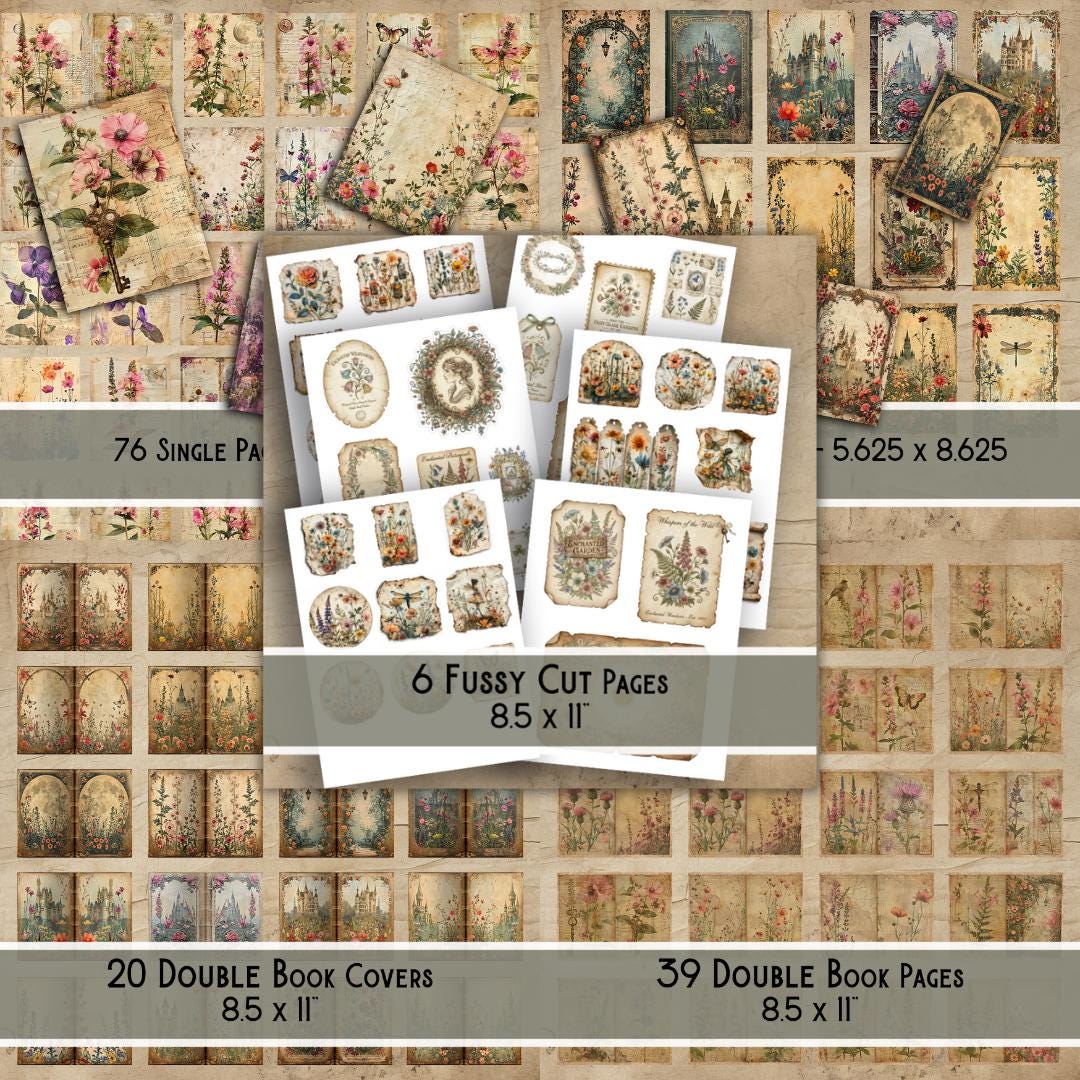 Wildflower Junk Journal Kit: Printable Vintage Botanical Ephemera ...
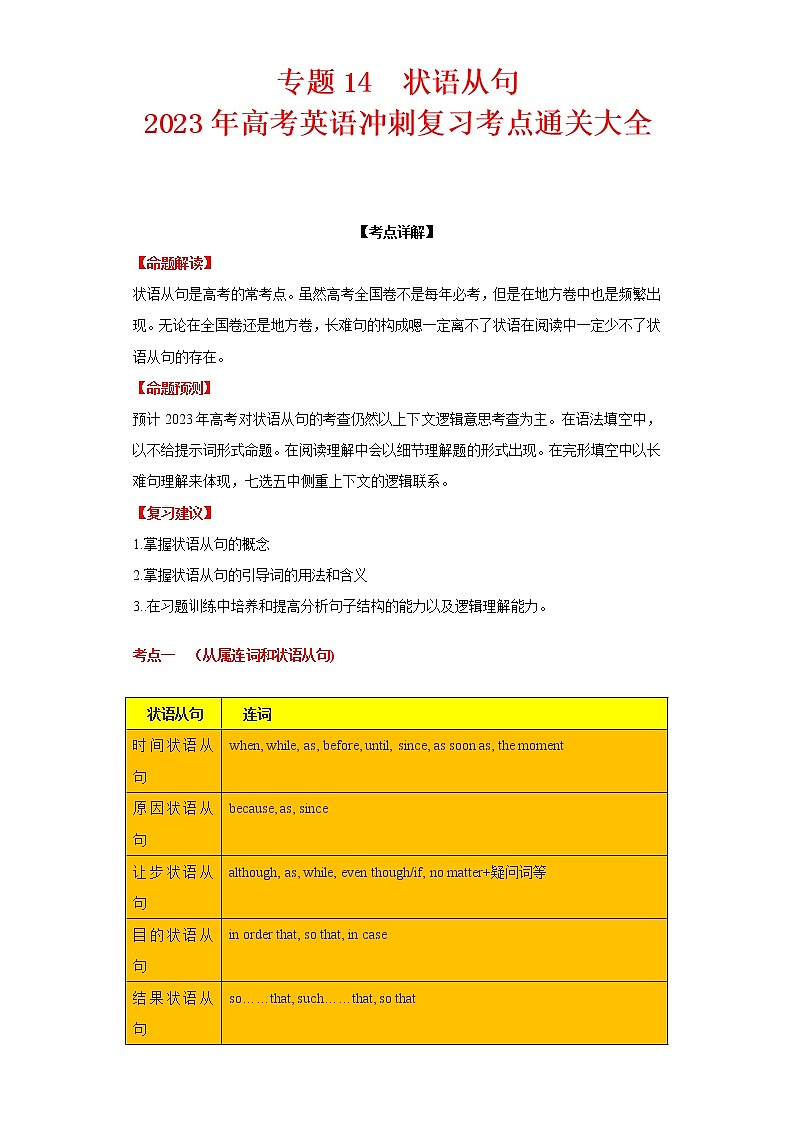 2023年高考英语冲刺复习考点通关大全专题14  状语从句第1页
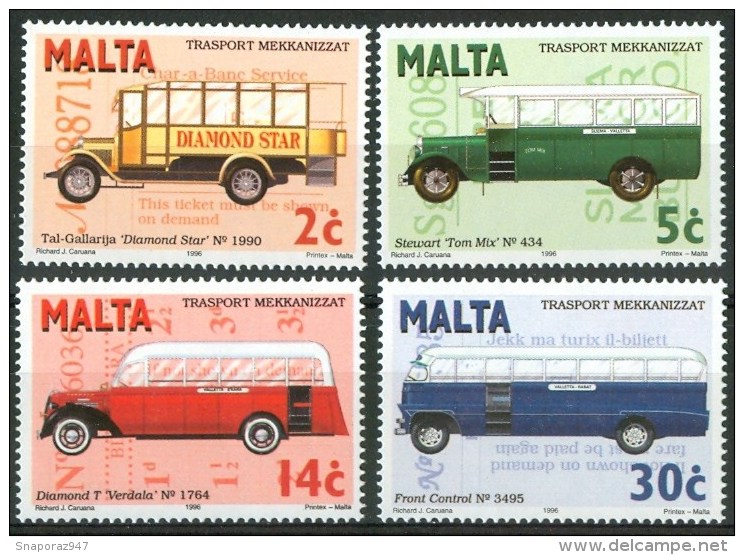 1987 Malta Autobus Bus Set MNH** -Tra29 - Busses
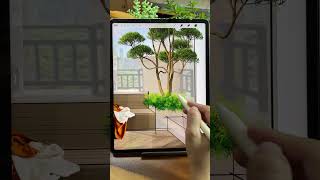 Rooftop balcony garden - you can draw your design ideas by taking  hand-painting garden#Courtyard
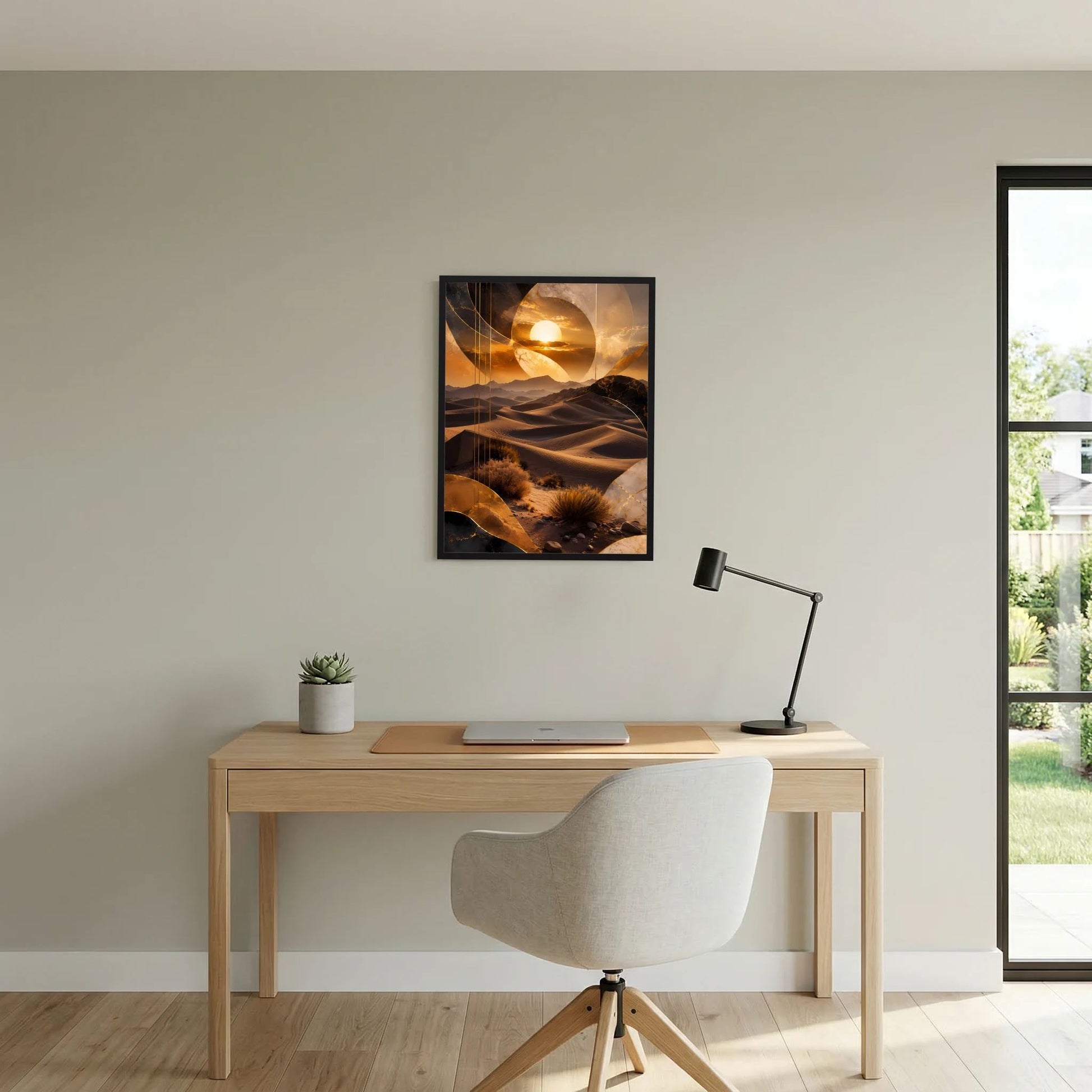 Gerahmtes Poster im Hochformat mit goldener Wüste, abstrakter Sonne und Dünen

· · · · ·

An unchanged copy of the data, images excluded, is all that should be given.

Answer space
 Wildflower Junk Journal Kit: Printable Vintage Botanical Ephemera ...
 2023年高考英语冲刺复习考点通关大全专题14  状语从句第1页
 1987 Malta Autobus Bus Set MNH** -Tra29 - Busses
 Rooftop balcony garden - you can draw your design ideas by taking  hand-painting garden#Courtyard
 Gerahmtes Poster im Hochformat mit goldener Wüste, abstrakter Sonne und Dünen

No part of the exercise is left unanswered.